Guest post by Pat Costigan
Most would agree that mopping a floor, throwing a baseball, and going on a family bike ride, are easier with a strong core. But what are the components of the body’s core and how are they best trained?
Some suggest that the core includes the muscles of the lower trunk—for example, the abdominal, the back extensors, and the rotators. Others feel that the core must also include the muscles of the shoulders and hips. Regardless of your definition, the core connects the hands and feet—the main points of contact with the world—and a strong core makes the transfer of force between the two more efficient.

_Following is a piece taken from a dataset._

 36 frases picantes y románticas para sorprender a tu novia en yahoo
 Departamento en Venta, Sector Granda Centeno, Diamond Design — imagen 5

Imagine pushing a lawnmower, but between your hands and the lawnmower handle is a block of Jello. When you apply a force the Jello squishes and the force deforms the Jello rather than pushing on the handle – an inefficient loss of force, not to mention a slippery, Jello-related injury. If instead of Jello, there was a solid block between your hands and the handle then any force applied to the block would be instantly transmitted to the handle—an efficient transfer of forces. A strong core allows an efficient transfer of force from the feet to the hands or vice-versa.
Research on core strength considers both core endurance and core strength; endurance being akin to stability and strength referring to force production. While athletes do both core endurance and core strengthening exercises, there is very little evidence to show that core exercises improve high-level athletic performance. Likely because these athletes do so much other training that you cannot tease out the effects of their core training.
However, research suggests that, even for athletes of endurance and strength, endurance must be developed before strength. This makes sense when you consider that many daily activities benefit from a stable trunk—standing, walking, going up stairs, household chores. Without endurance, the core tires and you would not be able to maintain a trunk stable enough to produce force, which risks injury. Once you have increased your core endurance you can work on strengthening exercises that require the core to generate force while maintaining a stable trunk.
Common core endurance exercises are the plank-style exercises that require extended hold times. Strength exercises require the core to produce a force and include exercises like sit-ups, back extensions, toes-to-bar, as well as the complex exercises like squats and deadlifts.
Focus on core endurance then add strengthening and then, for athletes, add sport specific movements. Any other order is inefficient and increases injury risk.